No single source captures all active addresses — multiple collection
methods are required.
**ARP Table Analysis** — Collect ARP tables from Layer 3 gateways
for each in-scope subnet. Each ARP entry represents a recently active
IP. On Cisco IOS: `show ip arp vrf <name>`. On Juniper JunOS:
`show arp interface <l3-interface>`. On Arista EOS: `show ip arp vrf <name>`.
**DHCP Lease Correlation** — Extract active leases from the DHCP
server. Compare against IPAM DHCP scope definitions to ensure
boundaries match. Identify leases outside defined scopes — these
indicate misconfigured or rogue DHCP servers.
**Ping Sweep Validation** — For subnets where ARP data is incomplete
(routed subnets with no local L3 interface), use ICMP sweeps:
`nmap -sn <prefix>` or `fping -g <prefix>`. Non-responding IPs are
not necessarily unused — firewalls may block ICMP.
**Duplicate IP Detection** — Analyze ARP tables for multiple MAC
addresses on the same IP (gratuitous ARP conflicts).

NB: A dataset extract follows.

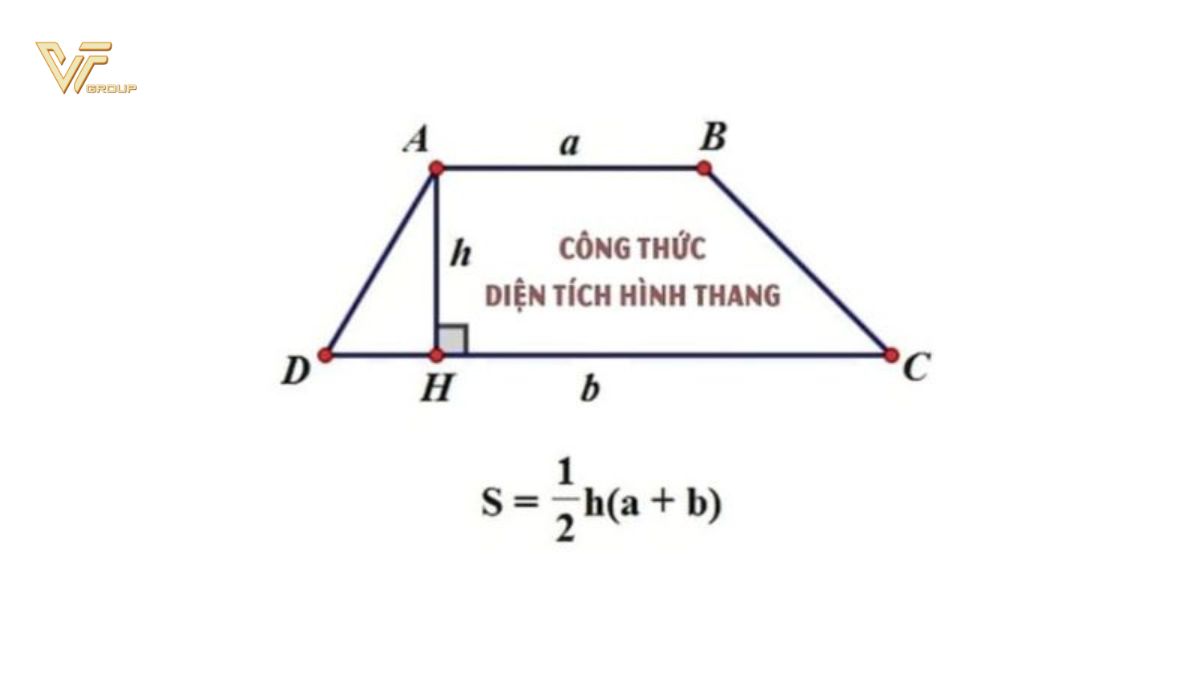 cách tính diện tích đất ở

Rapidly
alternating MACs for a single IP indicate active conflicts causing
intermittent connectivity.
### Step 3: DNS Record Audit
Audit DNS records for consistency, accuracy, and hygiene. DNS errors
cause application failures often misdiagnosed as network issues.
**Forward/Reverse Consistency** — For each A record, verify a
corresponding PTR record points back to the same hostname. For each
PTR, verify the referenced hostname has a matching A record. Use
`dig +short <hostname> A` and `dig +short -x <ip>` to test pairs.
Inconsistencies break reverse DNS used by mail servers, logging, and
security tools.
**Stale Record Detection** — Cross-reference A records against IPAM
and live ARP tables. A records pointing to IPs that IPAM shows as
available or decommissioned are stale. Records pointing to IPs with
no ARP activity for 90+ days may reference removed hosts.
**CNAME Chain Validation** — Verify CNAME records resolve to valid
targets. Flag chains longer than two hops (add latency and fragility).
Verify no CNAME exists at a zone apex or alongside MX/NS records
(RFC 1034 prohibition).
**Delegation Chain Integrity** — Verify NS records for delegated zones
point to responding servers. Check MX records resolve to A records
(not CNAMEs, per RFC 2181). Validate SOA serial numbers across primary
and secondary servers for replication currency.
**TTL Review** — Audit TTL appropriateness: infrastructure records
(NS, MX, SOA) should use 3600–86400s; frequently changing records
(load balancers, failover) need 60–300s; static host records
typically use 3600s.
### Step 4: Conflict Detection
Identify conflicts that cause operational problems — higher severity
than record hygiene issues from Step 3.
**Overlapping Subnet Definitions** — Compare all prefix entries within
each VRF for overlaps. Two /24 prefixes covering the same range, or a
/24 outside its documented /16 parent, indicate data entry errors. Use
bitwise comparison to detect non-obvious overlaps (e.g., 10.1.0.0/23
and 10.1.1.0/24).
**Duplicate IP Assignments** — Cross-reference IPAM assignments with
live ARP. Two IPAM records for the same IP in the same VRF is a data
conflict. Two MACs for the same IP in ARP is a live conflict. Either
causes packet loss and needs immediate remediation.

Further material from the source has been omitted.